WHAT THIS TASK INVOLVES
Start at the line below containing "ATS Dodge Car" and stop at the line containing "Popfunk NASA Retro". Repeat every line of that stretch exactly, and nothing outside it.

RECORDS FOR PROCESSING
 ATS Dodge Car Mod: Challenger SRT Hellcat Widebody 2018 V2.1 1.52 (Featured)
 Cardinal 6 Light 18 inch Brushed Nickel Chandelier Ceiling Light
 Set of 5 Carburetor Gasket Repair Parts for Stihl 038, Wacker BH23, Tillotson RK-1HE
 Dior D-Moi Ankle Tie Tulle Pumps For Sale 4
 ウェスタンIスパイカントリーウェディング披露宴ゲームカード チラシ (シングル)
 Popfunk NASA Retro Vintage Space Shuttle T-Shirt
==
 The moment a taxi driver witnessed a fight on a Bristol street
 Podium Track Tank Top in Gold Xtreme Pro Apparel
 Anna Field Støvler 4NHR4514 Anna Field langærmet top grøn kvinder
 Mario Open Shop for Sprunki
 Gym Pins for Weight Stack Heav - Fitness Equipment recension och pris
...
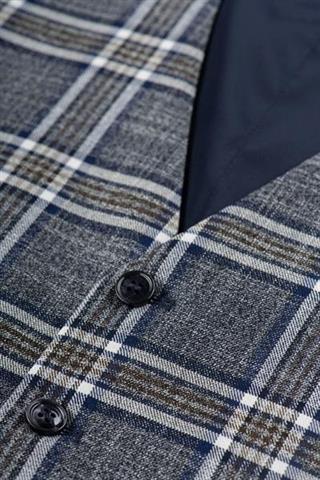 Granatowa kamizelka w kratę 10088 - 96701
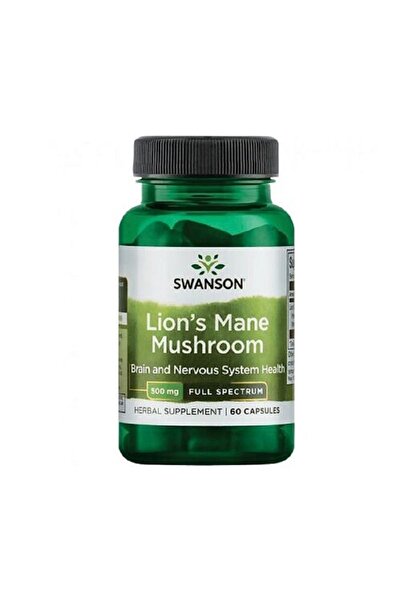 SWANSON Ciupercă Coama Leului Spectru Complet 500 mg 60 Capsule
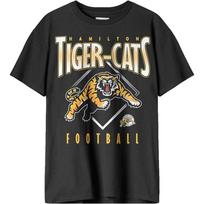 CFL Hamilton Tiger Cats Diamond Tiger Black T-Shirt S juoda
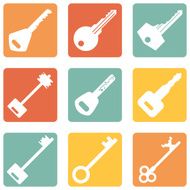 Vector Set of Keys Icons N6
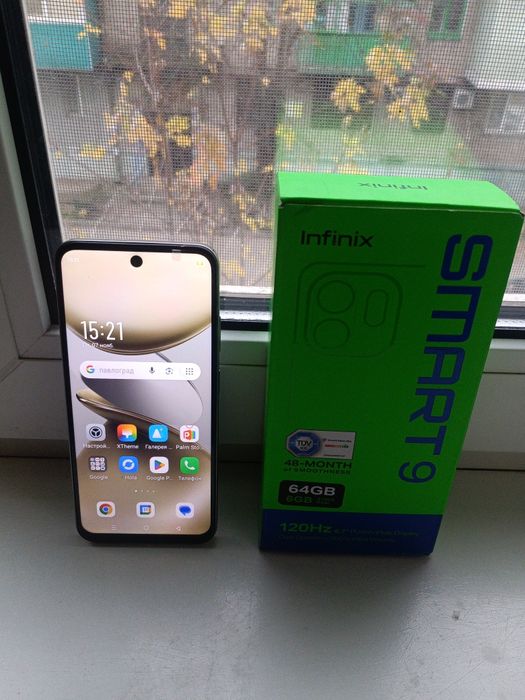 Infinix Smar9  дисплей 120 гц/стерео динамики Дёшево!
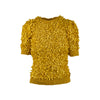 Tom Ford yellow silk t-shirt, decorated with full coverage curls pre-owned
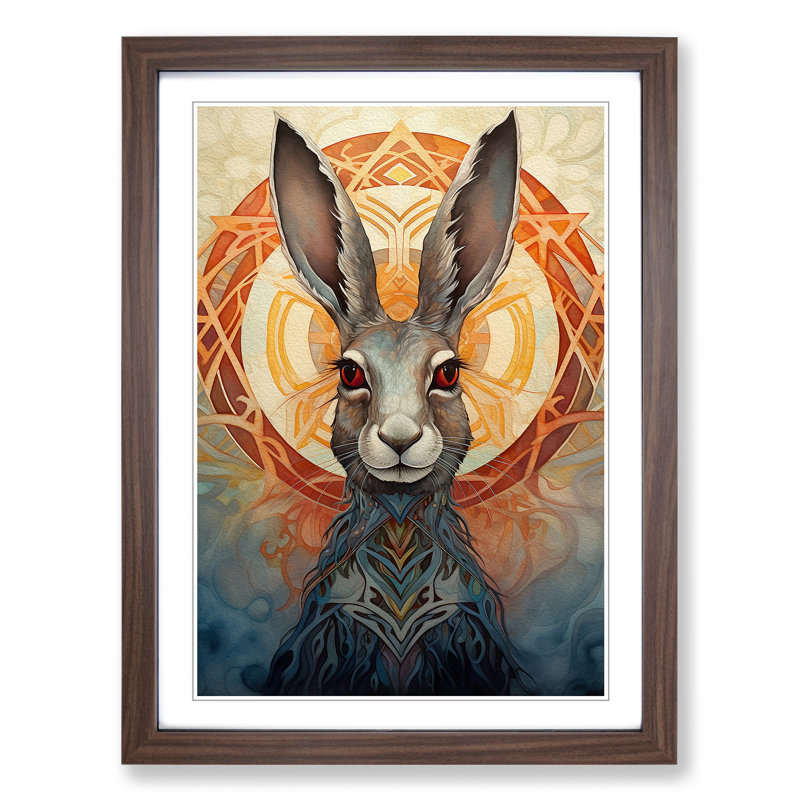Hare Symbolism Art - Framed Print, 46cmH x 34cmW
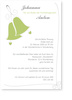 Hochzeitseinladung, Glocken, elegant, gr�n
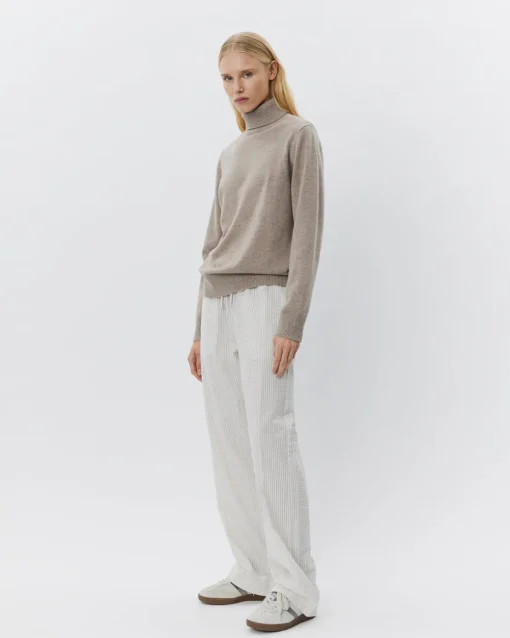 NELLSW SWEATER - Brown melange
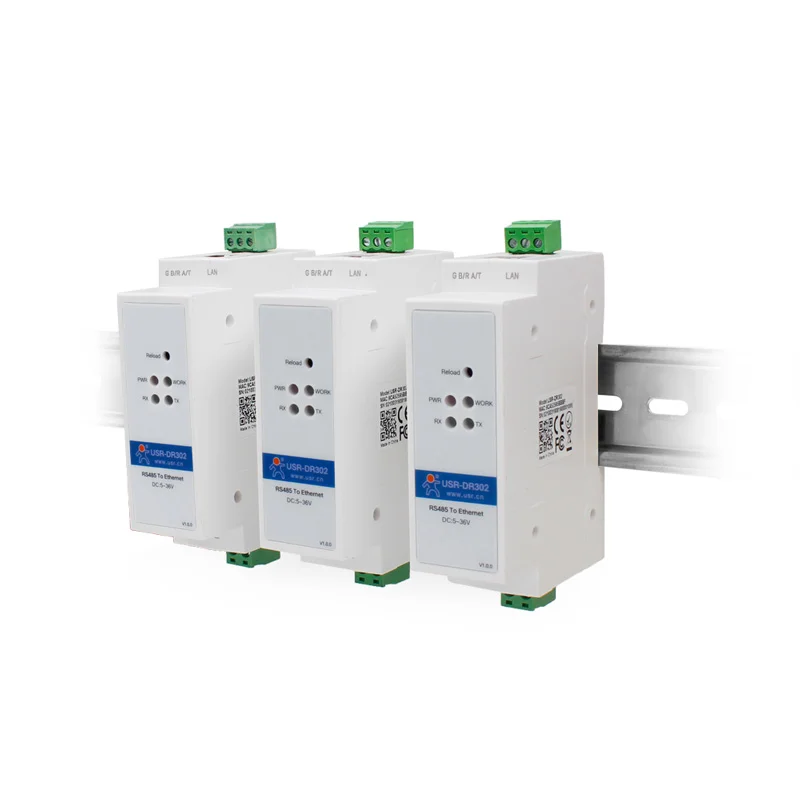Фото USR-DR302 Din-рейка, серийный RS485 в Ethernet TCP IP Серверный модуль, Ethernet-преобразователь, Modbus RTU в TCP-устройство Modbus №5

RESULT
 ATS Dodge Car Mod: Challenger SRT Hellcat Widebody 2018 V2.1 1.52 (Featured)
 Cardinal 6 Light 18 inch Brushed Nickel Chandelier Ceiling Light
 Set of 5 Carburetor Gasket Repair Parts for Stihl 038, Wacker BH23, Tillotson RK-1HE
 Dior D-Moi Ankle Tie Tulle Pumps For Sale 4
 ウェスタンIスパイカントリーウェディング披露宴ゲームカード チラシ (シングル)
 Popfunk NASA Retro Vintage Space Shuttle T-Shirt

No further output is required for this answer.